Non è la prima volta che nel sofisticato tiaso della mia adorata Ornella difendo ed esalto il tronfio parlar scortese di una Cuncittina napolitana, sfottendo magari l'agghindato conte Polli o come diavolo si chiama.
Il nobil lignaggio col suo affettato torbido alludere mi spinge ad una sorta di ironico compatimento.
Preferisco il Dante che scrive 'e col suo cul facea trombetta,' o 'Taide la puttan che si accoscia'. E non so se appartiene all'Aretino l'aforisma eplicito del tipo: il cul è per la persona colta, per il villan fottuto c'è la potta.

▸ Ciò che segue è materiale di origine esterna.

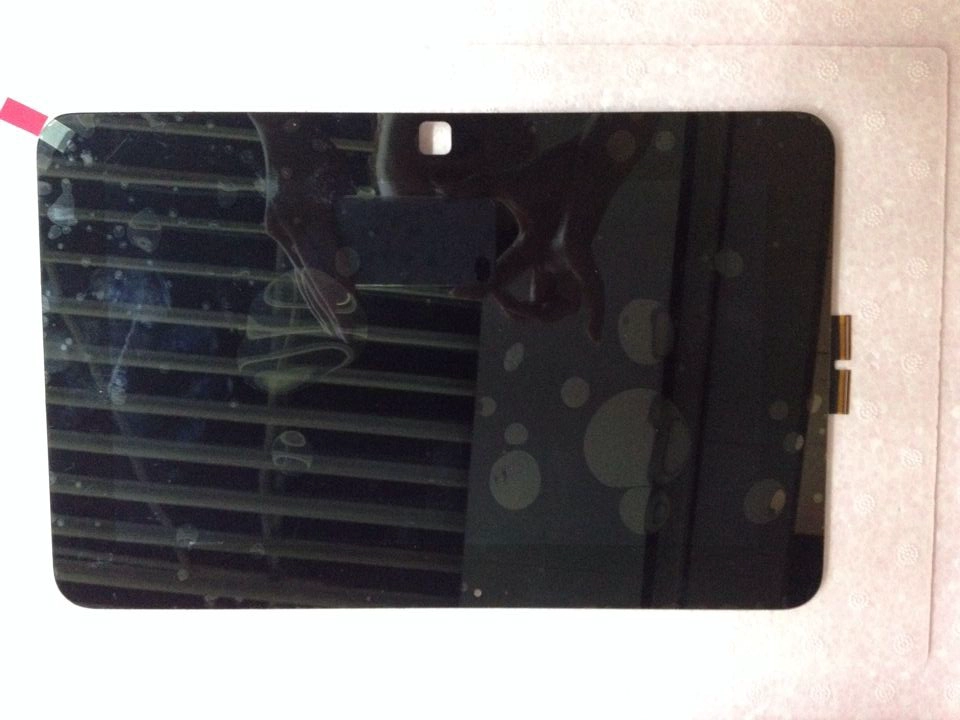 Dell XPS 10 LCD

Grazioso il dire del capo ufficio di Contabilità della ormai chiusa filiale banca d'Italia di Messina, che andando oltre il suo nobile casato, i Majorana, ogni pie' sospinto sbuffava volgarmente 'nun mi rumpiti u salsicciottu'.
Certo non gradisco il dire delle fanciulline romane che sul bus hanno da gridare solo 'non mi rompere le palle' e 'vai a fare in culo'; eppure meglio degli azzimati coetani, dai tinti capelli e dal viso glabo che nulla san più essere, schiacciati da questa novella femminilità da nuovo millennio.
Una signora che esircita la più antica professione del mondo dal bel parlare fiorito consono al suo gradevole mercimonio non mi scandaleiza, anzi mi suscita pur alla mia decrepita età un certo antico prurito.